Strong & Courageous. Someone connected through to this blog and mentioned how we are standing on Joshua 1:9 - which says, "Have I not commanded you? Be strong and courageous. Do not be terrified, do not be discouraged, for the Lord your God will be with you wherever you go." (NIV). There's a lot more behind this than just a "nice, encouraging verse". In 2005, the Lord started speaking to Matt through the book and life of Joshua. God contined to speak to him through the book in 2006 and 2007. Our home group leader pointed out to Matt, "What do you think the Lord's trying to say to you, if he won't 'let you out of Joshua'?" And Matt said, "To be strong and courageous". Little did we know that this situation would come up! So the Lord spoke to Matt the day we went to our first ultrasound (several hours before) and said that we should name baby Joshua (to be strong and courageous) Matthew (God's gift). I knew it was the word of the Lord because Matt was VERY CLEAR that he did NOT want to name a baby after himself.

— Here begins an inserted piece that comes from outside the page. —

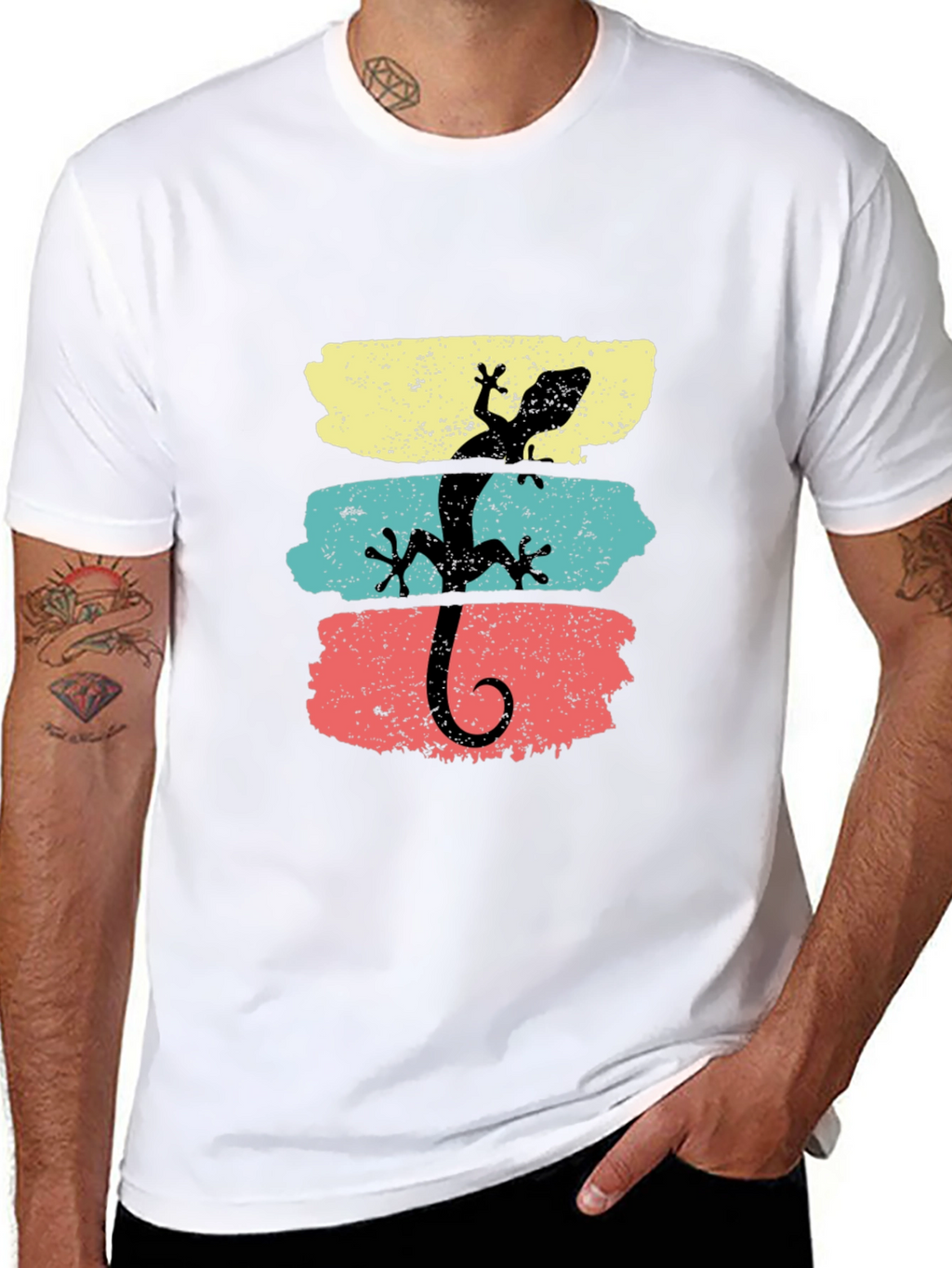 Retro Lizard Graphic T-Shirt - Cool Animal Tee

While we were at our YWAM discipleship training school (12 weeks of lectures on the Bible, 8 weeks of outreach) we were supposed to do a study on a person in the Bible. I chose Joshua, because I wanted an excuse to study him, since I was naming my son after him.

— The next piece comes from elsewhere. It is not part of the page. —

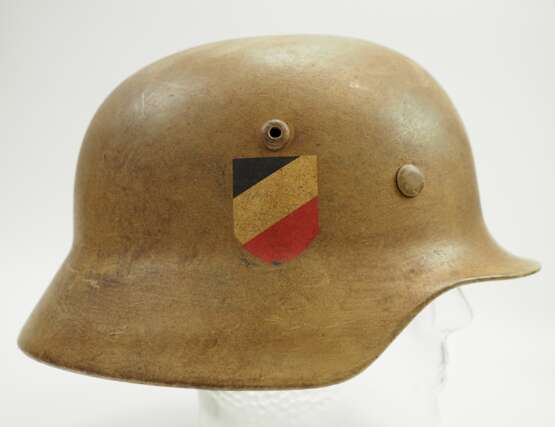 Wehrmacht: Stahlhelm M40 Afrikakorps. - фото 4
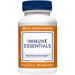 The Vitamin Shoppe Immune Essentials vegetable capsules bottle front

Joshua means Jehovah's Salvation. But that wasn't his name - it was Hoshea. Moses (Joshua's boss, he was his apprentice for years) renamed him Joshua because Hoshea means just Salvation. I guess he needed reminding that it was his Lord who was his savior, not himself. And the Lord spoke to Joshua ***5!*** times to be "strong and courageous". Obviously Joshua didn't find himself adequite for his job. He had been an apprentice (a PA basically) to Moses for years, and then Moses dies and hands over leadership of a country to him. And he just get really nervous... doubts his ability... and the Lord continues to remind him "Be strong and courageous". Finally, halfway through the book of Joshua, Joshua speaks out to the people of the nation, "Be strong and courageous!" He gets it.... took a while... but he gets it.
I'm trying to get it. Jehovah is our salvation, so we CAN be strong in this situation. We CAN be courageous. We have the GOD of the universe backing us up. And ****it is NOT God's fault my son has a defect****.